(Records from a data collection)
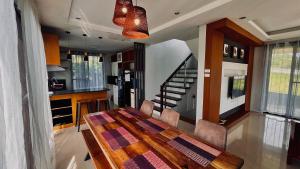 a kitchen and dining room with a wooden table at Staycation at Sandari Batulao Overlooking Spot in Calo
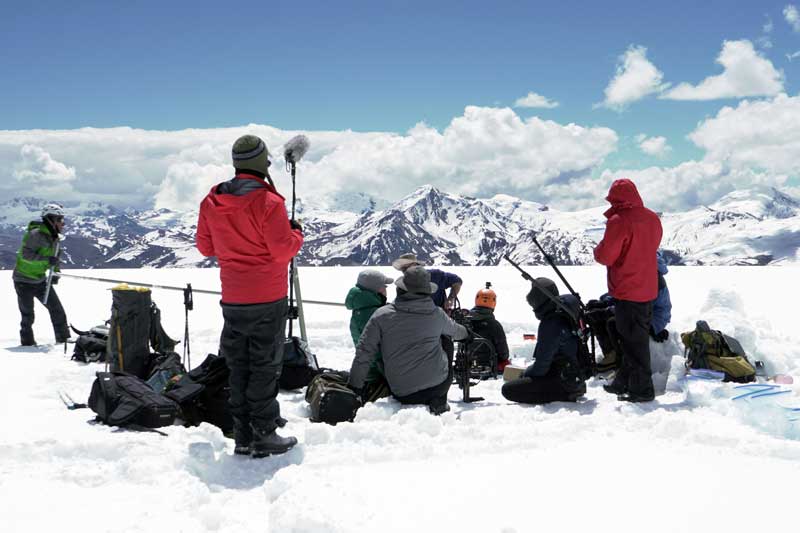 About 9 people pause in a vast snowy, mountainy landscape with camera and sound equipment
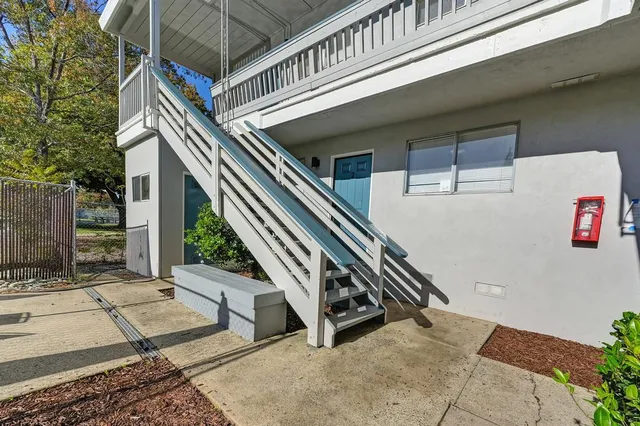 an aerial view of a residential houses with outdoor space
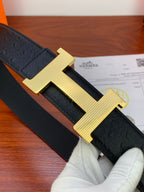 Black leather belt with textured grain and gold H buckle, close-up view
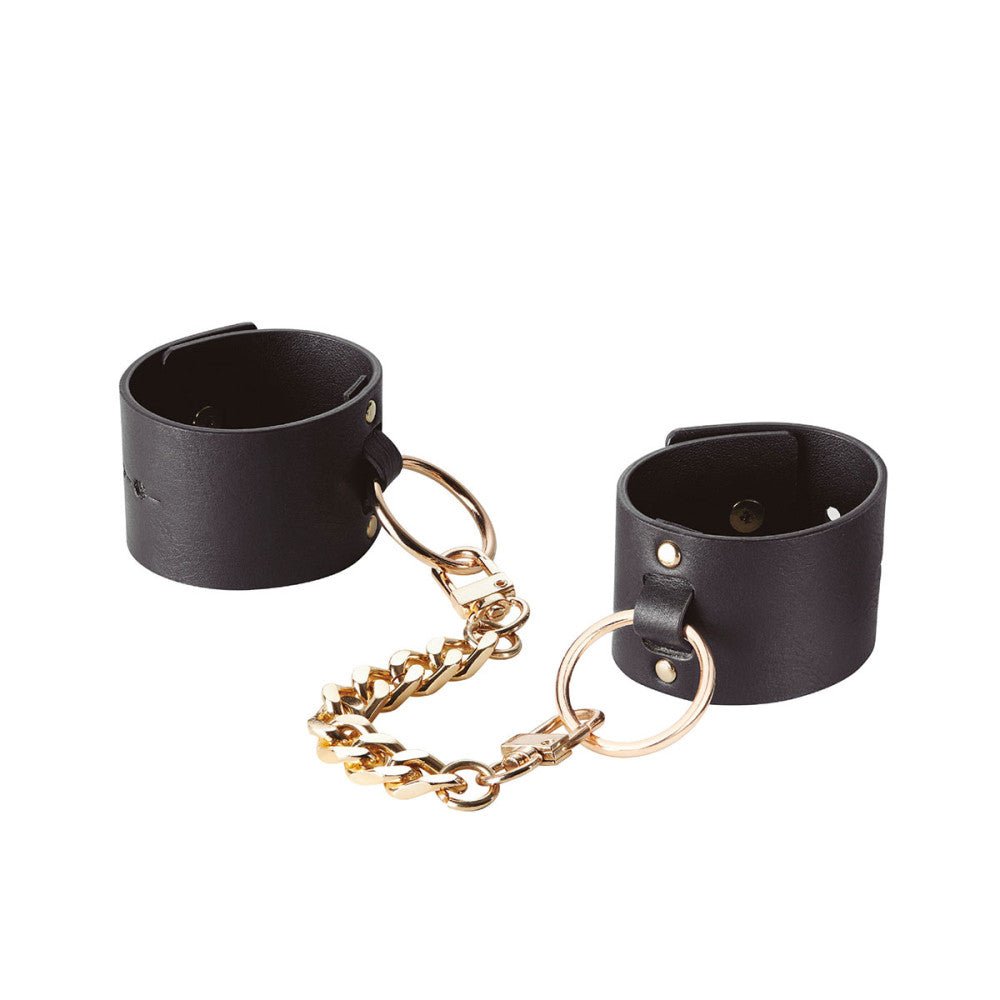 Bijoux Indiscrets Maze Wide Cuffs on a white background showcasing the vegan leather material and gold chain. Available at SugarX in the BDSM Fashion collection of the Sex-Positive accessories section.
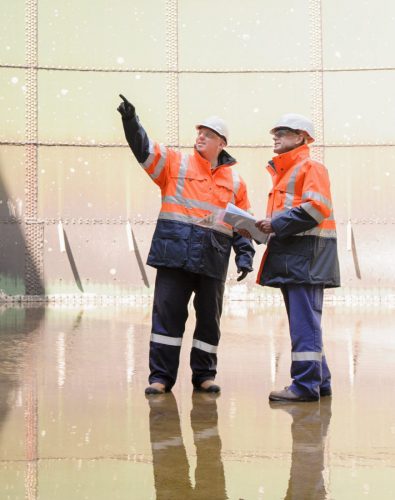 Caucasian technicians examining fuel storage tank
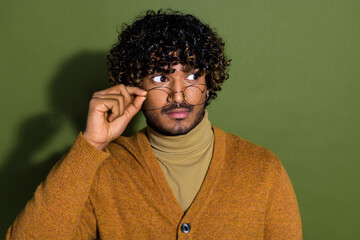 Photo portrait of handsome young guy look shocked empty space dressed stylish brown garment isolated on khaki color background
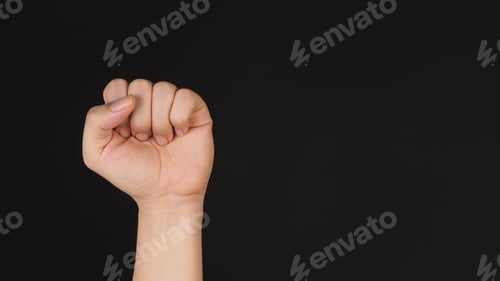 Preview: Pain hand sign or gesture on black background.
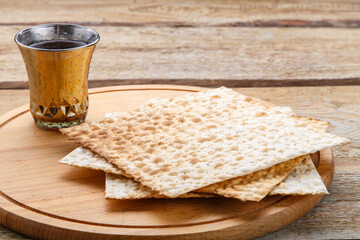 On a round wooden board matzah and a glass of kiddush wine.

#### AIM OF THE TASK:
Copy all the records above exactly, but leave out the pictures.

#### RESPONSE BOX:
 a kitchen and dining room with a wooden table at Staycation at Sandari Batulao Overlooking Spot in Calo
 About 9 people pause in a vast snowy, mountainy landscape with camera and sound equipment
 an aerial view of a residential houses with outdoor space
 Black leather belt with textured grain and gold H buckle, close-up view
 Bijoux Indiscrets Maze Wide Cuffs on a white background showcasing the vegan leather material and gold chain. Available at SugarX in the BDSM Fashion collection of the Sex-Positive accessories section.
 Caucasian technicians examining fuel storage tank
 Photo portrait of handsome young guy look shocked empty space dressed stylish brown garment isolated on khaki color background
 Preview: Pain hand sign or gesture on black background.
 On a round wooden board matzah and a glass of kiddush wine.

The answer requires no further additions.